TASK INSTRUCTIONS →
The entries that follow need to be reproduced exactly, minus any images.

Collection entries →
··········

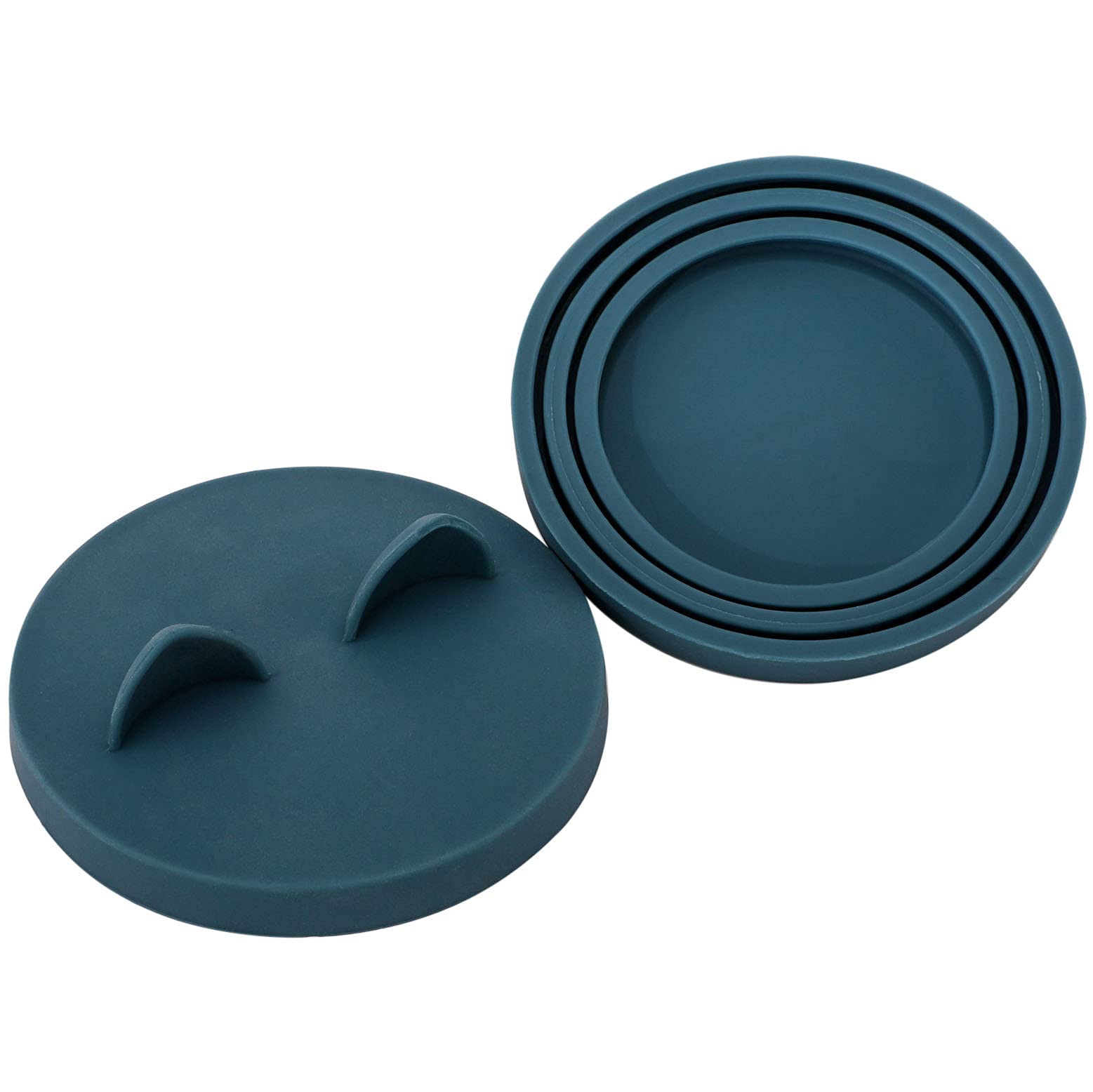 OHMO 3 Pack Dog Food Can Lids, (3, 12, 14oz etc.) Universal Size Silicone Covers for Cat and Dog Food, Dark Blue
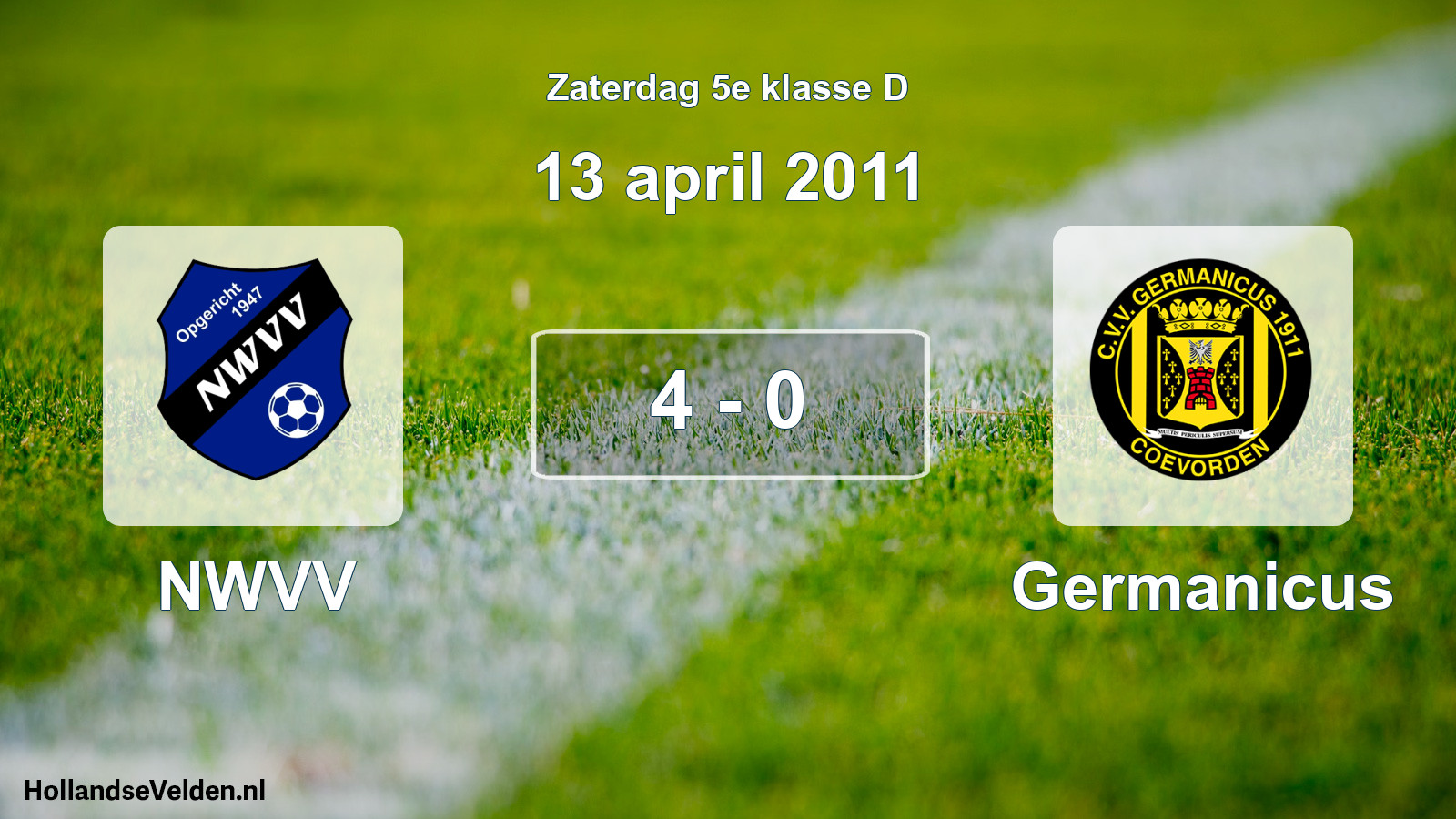 Total number of matches played: NWVV - Germanicus 4 - 0 (13 April 2011)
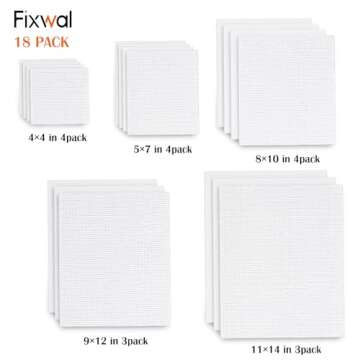 Fixwal Canvas Boards for Painting, 18 Pack Art Painting Canvas Multipack, 4x4, 5x7, 8x10, 9x12, 11x14 Inches 3mm Canvas Panels, Painting Supplies for Acrylic, Oil Paint, Tempera, Watercolor, Gouache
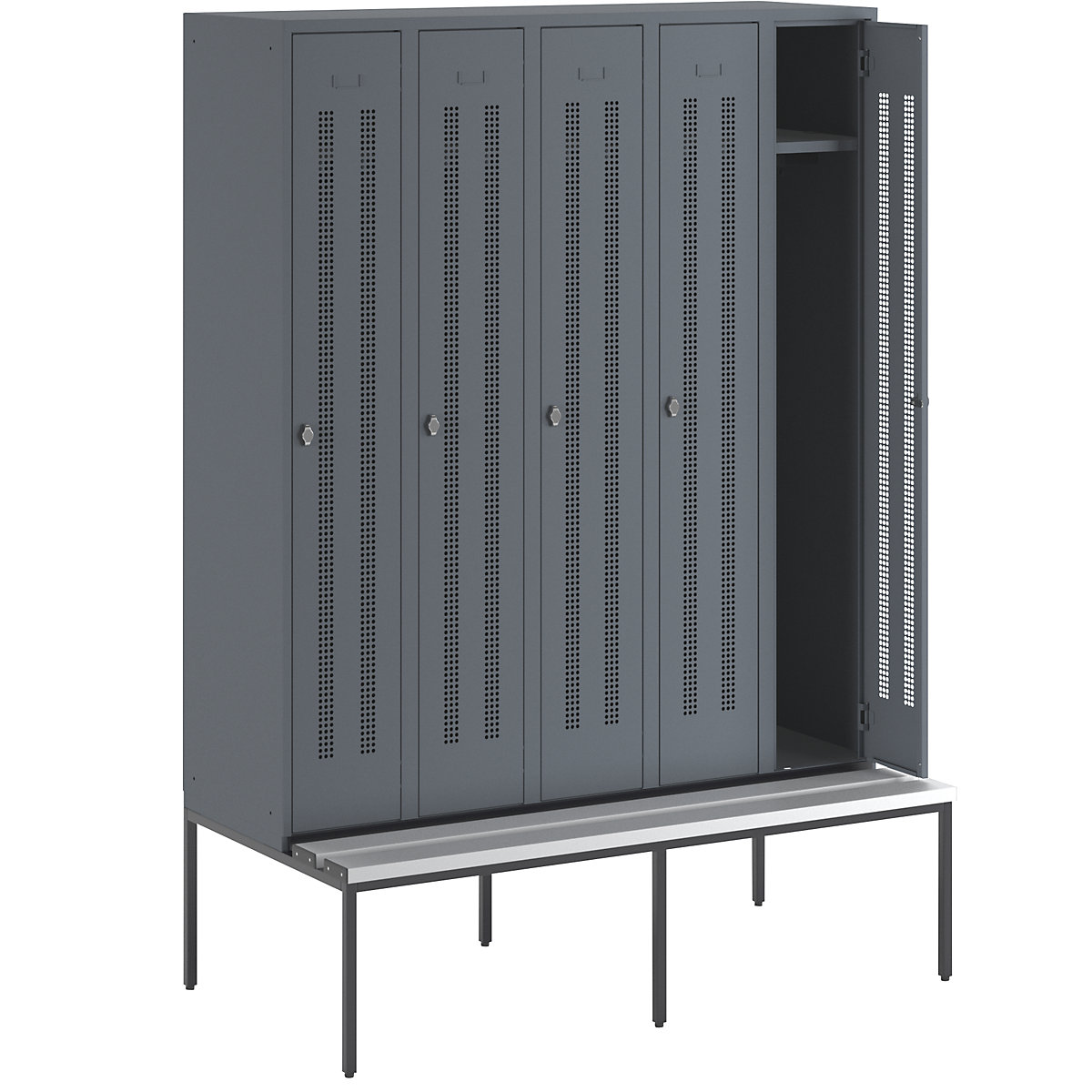 Berlin 1 bench seat clothes locker – Wolf, 5 compartments, blue grey, W 1500 mm, bench fitted below, plastic-3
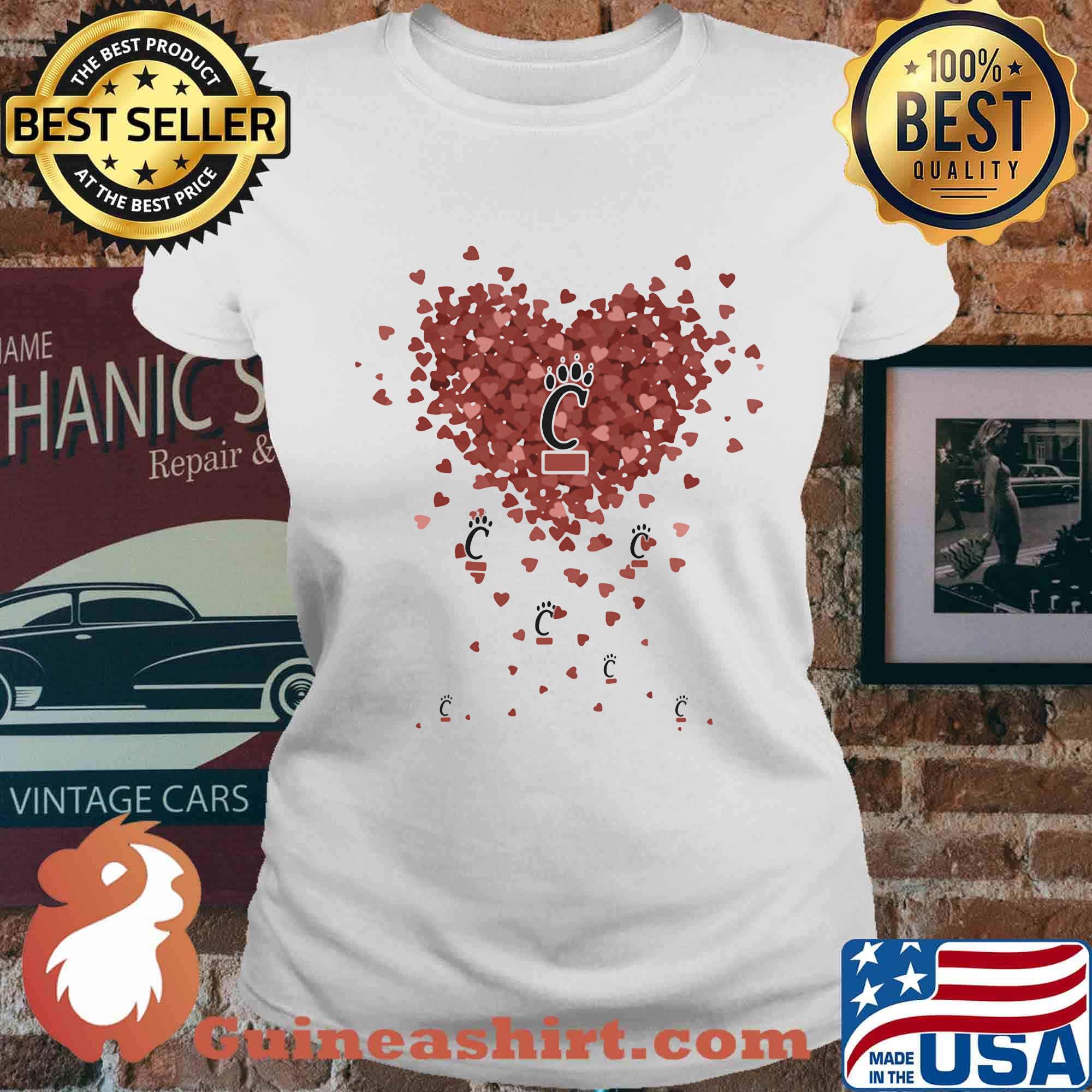 Love cincinnati bearcats logo hearts s Ladies tee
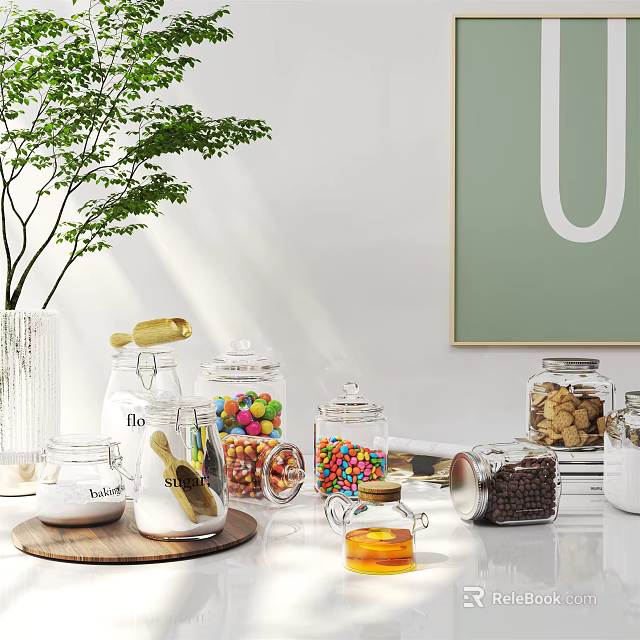 Stylish Ceramic Vessels On Kitchen Counter With Glass Jars Colorful Candies And Green Plants 3d model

··········

SOLUTION TO THIS PROBLEM →
 OHMO 3 Pack Dog Food Can Lids, (3, 12, 14oz etc.) Universal Size Silicone Covers for Cat and Dog Food, Dark Blue
 Total number of matches played: NWVV - Germanicus 4 - 0 (13 April 2011)
 Fixwal Canvas Boards for Painting, 18 Pack Art Painting Canvas Multipack, 4x4, 5x7, 8x10, 9x12, 11x14 Inches 3mm Canvas Panels, Painting Supplies for Acrylic, Oil Paint, Tempera, Watercolor, Gouache
 Berlin 1 bench seat clothes locker – Wolf, 5 compartments, blue grey, W 1500 mm, bench fitted below, plastic-3
 Love cincinnati bearcats logo hearts s Ladies tee
 Stylish Ceramic Vessels On Kitchen Counter With Glass Jars Colorful Candies And Green Plants 3d model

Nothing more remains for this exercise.